Re: What still uses the block layer?

From: david
Date: Mon Oct 15 2007 - 22:09:03 EST


On Tue, 16 Oct 2007, Neil Brown wrote:

On Monday October 15, rob@xxxxxxxxxxx wrote:
Therefore it is best to not have stable single-number naming schemes
for any devices on any machines. Why? Because it ensure there will
not be any second class citizens.

This is where we disagree. The existence of devices you cannot stably
enumerate does not eliminate the existence of devices you trivially can.

No, but it dramatically reduces that value of being able to enumerate
those devices.

this is the point of disagreement. the devices you can trivially enumerate can be handled easily and trivially, the ones that you can't may require more complex things to handle them, but that depends on the situation. If you only have one USB drive on a system you don't need to worry about what order USB hotplug events come in if you can just say 'the first USB drive'. mixing the different types of devices into one namespace complicates things in a couple of ways.

1. devices that used to have stable names no longer have stable names without extra effort.

2. having multiple seperate unstable namespaces with one name in each of them looks to the user like a stable namespace, since the instability never comes into play. combineing these into a single namespace looses this stability


Pulling out the "IBM numa cluster with multiple SAS enclosures _and_ firewire"
infrastructure to find the root partition on my hard drive may be good for
the IBM numa clusters, but only at the expense of complicating this part of
my laptop's infrastructure by an order of magnitude, and making embedded
systems nearly impossible to put together. If "one size fits all" were true,
my cell phone would be running Red Hat Enterprise.

If some devices that are even reasonably common (e.g. IDE drives) are
stable, then some application developers or system integrators will
work under the assumption of stability and whatever they build will
break when you try it on different hardware.

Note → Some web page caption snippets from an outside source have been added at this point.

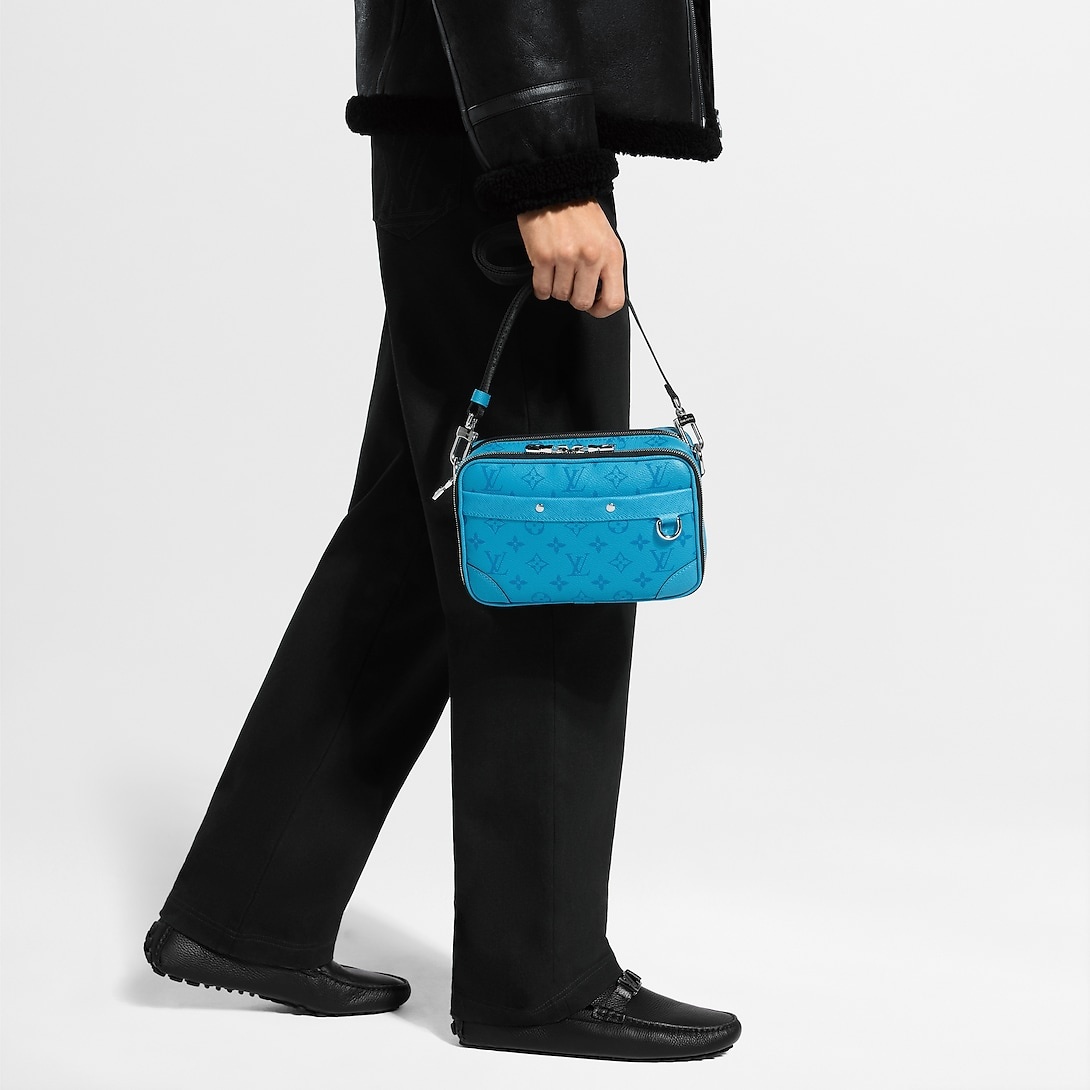 L0vis Vvtt0n Alpha Messenger Crossbody Bag 9.4in/ 24cm Tropical Blue Silver Hardware For Men M27646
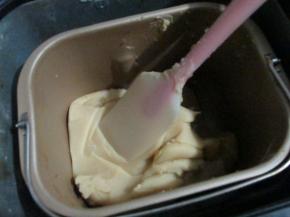 把糊倒入面包桶里，用自动翻炒功能炒，中途分3次加入花生油，第二次加入油后，放麦芽糖和白糖，炒至吸收后再加最后一次油，至炒到莲蓉成团切不再沾铲子就可以了。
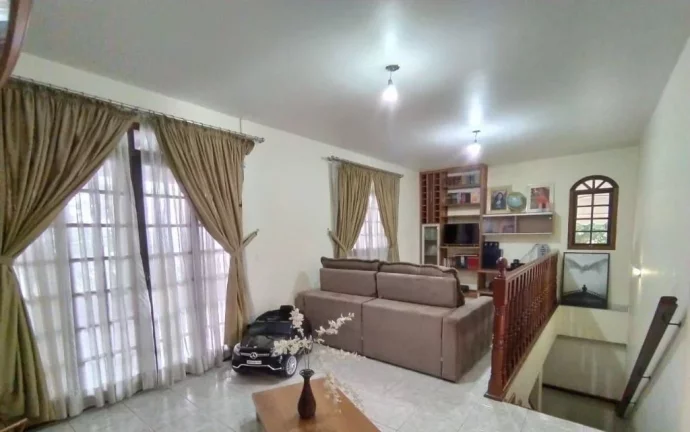 Imagem Sobrado com 5 dormitórios à venda, 340 m² por R$ 750.000,00 - Jardim Das Oliveiras - Jacareí/SP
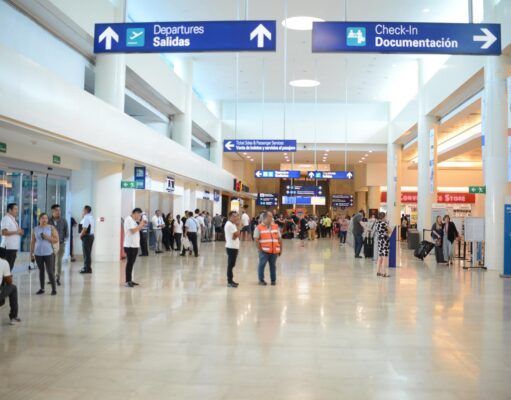 Venden en aeropuerto de Cancún pruebas falsas de Covid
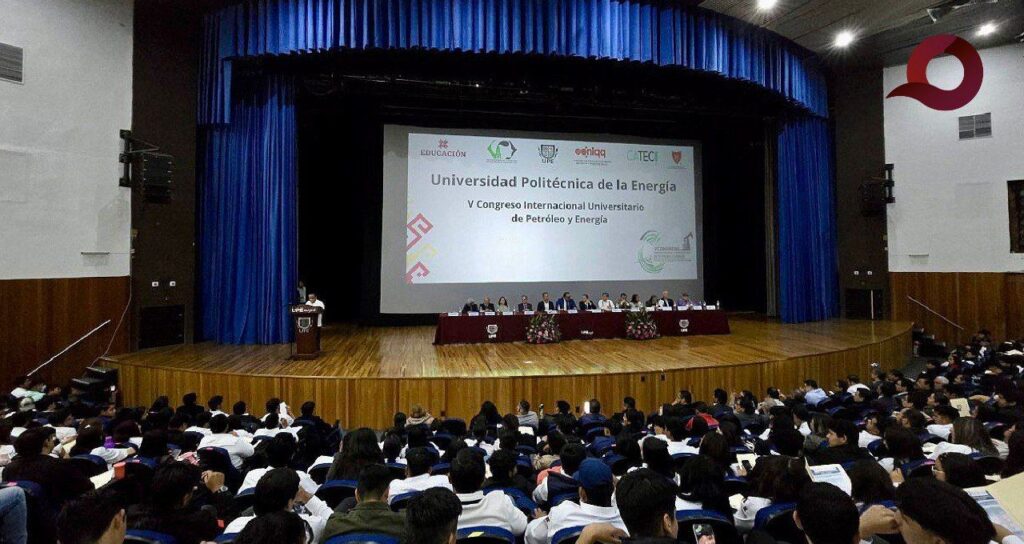Docente del ITESHU participó en Congreso Internacional de Petróleo y Energía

So you break the IDE drives to get laptop users to debug the Niagra set? The

Breaking old behaviour is always bad... My computers with IDE
interfaces still see stable "/dev/hda" devices. Are you saying the
devices that used to be "hda" are now "sdb" ?? Maybe there is a
.config option...

yes, this changed. If you run your IDE drives with the PATA drivers of libata they show up as sdX, and are subject to the same detection order issues as any other sd device.

solution is to make the easy cases hard?

Is it really that hard?

Note that stable names a still a very real option. udev provides
several. /dev/disk-by-path/XXX will be stable for lots of "screwed
in" devices. /dev/disk-by-id will be stable for devices the report a
unique id. etc.

Here it's

ls /dev/disk/by-path/
pci-0000:00:1f.2-scsi-0:0:0:0 pci-0000:00:1f.2-scsi-0:0:0:0-part4
pci-0000:00:1f.2-scsi-0:0:0:0-part1 pci-0000:00:1f.2-scsi-0:0:0:0-part5
pci-0000:00:1f.2-scsi-0:0:0:0-part2 pci-0000:00:1f.2-scsi-0:0:0:0-part6
pci-0000:00:1f.2-scsi-0:0:0:0-part3 pci-0000:00:1f.2-scsi-1:0:0:0

And this is an improvement?

Depends on your metric.

"Easy to type" - I guess /dev/hda1 wins hands down.
"Can be used in a script or config file and is guaranteed always to
work until a screwdriver is used to change that device or it's
controller"
I think
/dev/disk/by-path/pci-0000:00:1f.2-scsi-0:0:0:0-part1
is quite acceptable.
What is your metric?

does it have to be one or the other? /dev/hda1 suceeded on both metrics.

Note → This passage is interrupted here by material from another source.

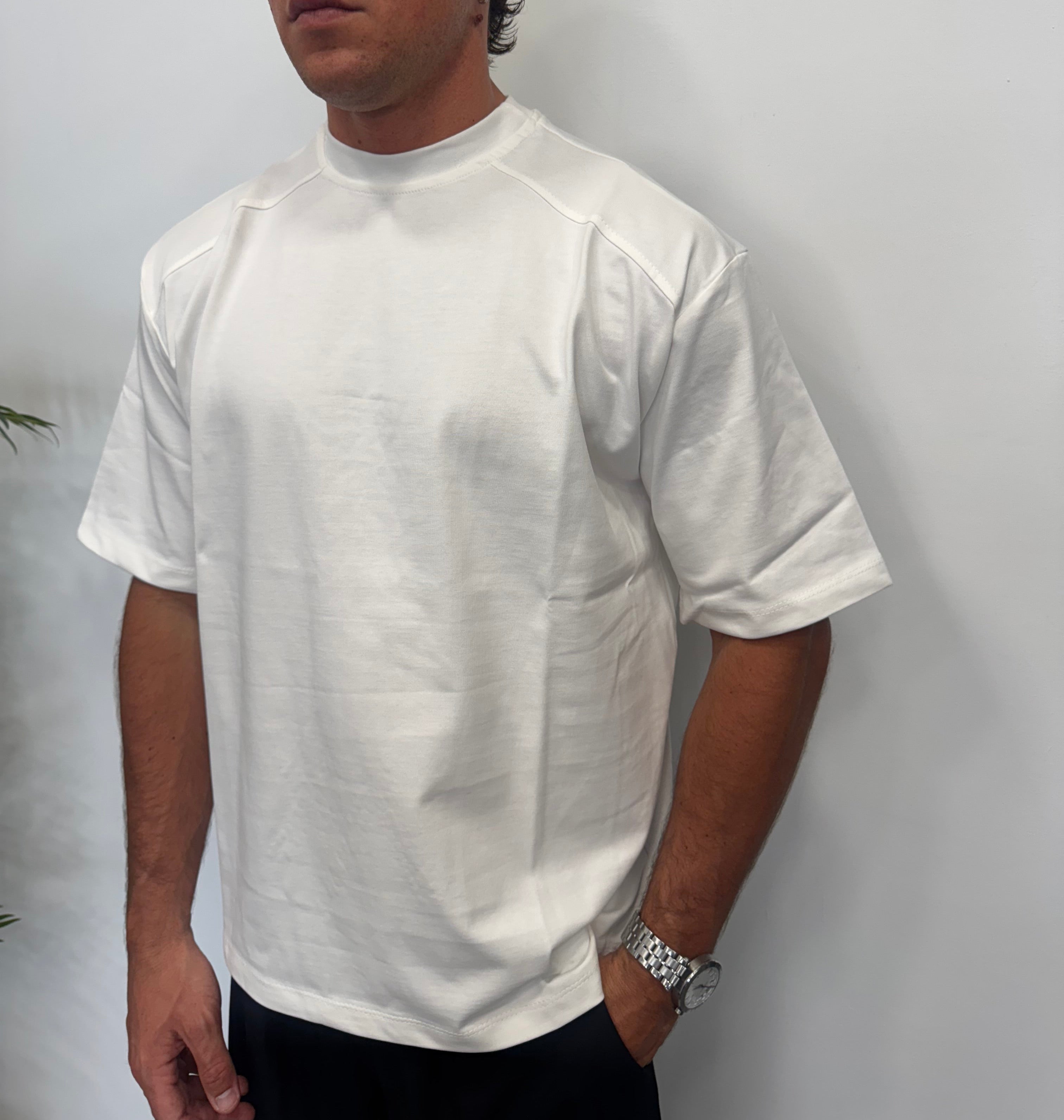 T-SHIRT LOYALTY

The different between IDE, SATA, SCSI and even USB is peripheral for
the large majority of uses, and I think maintaining the distinction in
the major/minor number or in the "primary" /dev name is - for the
above reasons - more of a cost that a value.

Is your definition of "the large majority of uses" where ncr Voyager, the
Amiga, and current macintosh laptops are all one use each, or is your
definition of "the large majority of uses" the one where each "use" is an
installation, of which there are millions of PCs (and even more ARM cell
phones), and something like three instances of Voyager?

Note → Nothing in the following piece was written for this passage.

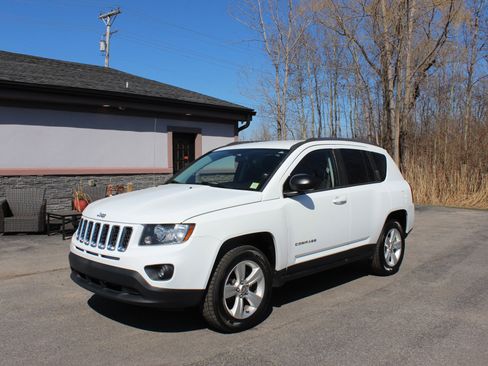Used 2014 Jeep Compass Sport w/ Power Value Group image 11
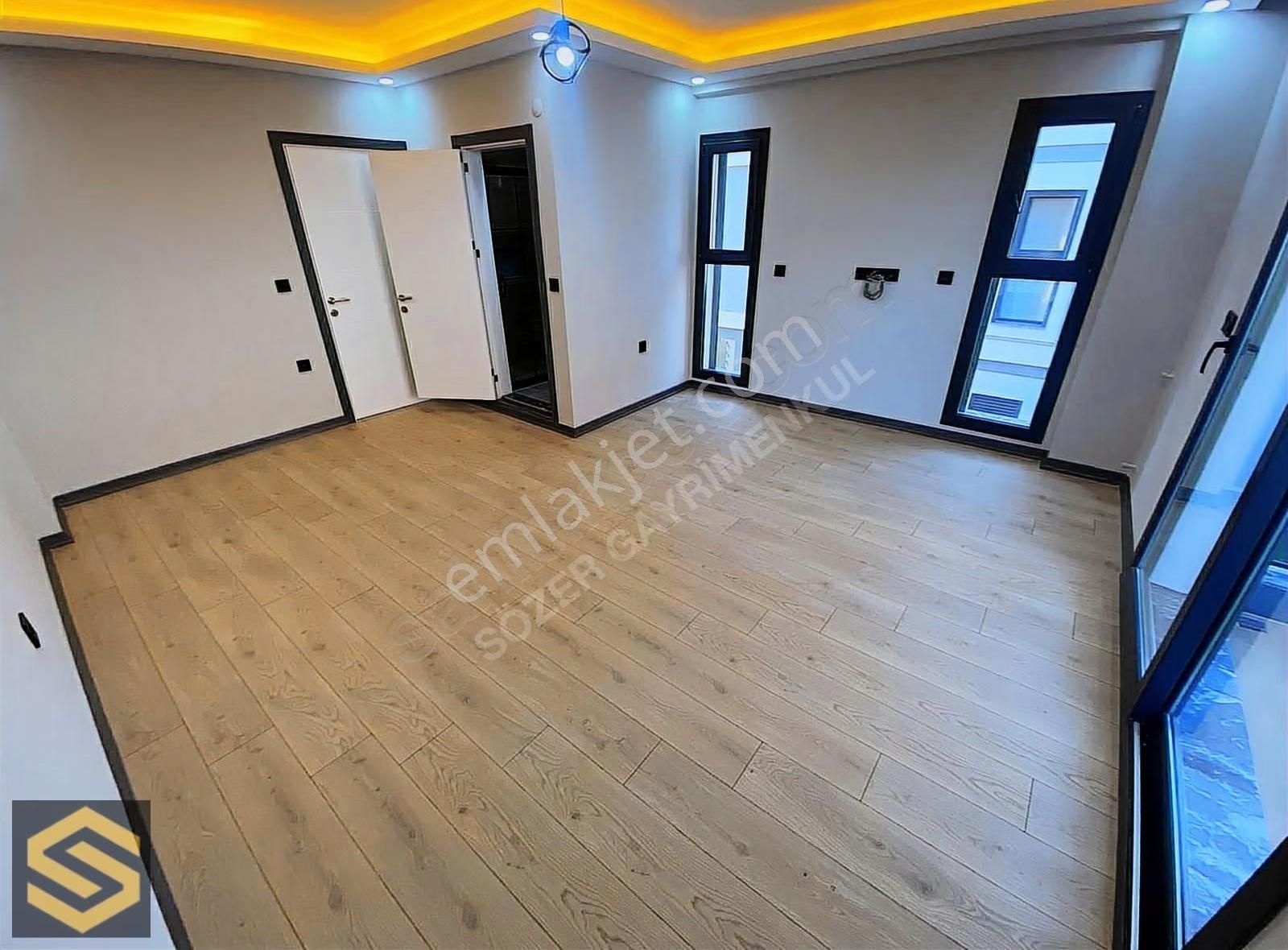 Didim Hisar Mahallesi Sıfır Bahçeli , Otoparklı , 3+1 Lüx Villa - Görsel 12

My definition of "the large majority or uses" is "mkfs, fsck, mount,
fdisk, system-install-process".

Different people differentiate devices in different ways. A system
integrator might know about the hardware path. An end user might know
about drive brands or sizes. A casual user might just think "internal
or external". The kernel cannot support all these different
approaches to naming. It really is best if it uses arbitrary names,
and provides access to descriptions that the user can choose between.
udev facilitates this with links in /dev/disk/. A system install can
facilitate this even more by reporting size/manufacturer information etc.

but is the possibility of wanting different options really sufficiant reason to eliminate every stable option? right now the /dev names are essentially random without external help. why couldn't they be stable (in all cases where that is possible) and let people who are happy with the defaults not run the external helpers, but leave them as options for people who do want things to be different.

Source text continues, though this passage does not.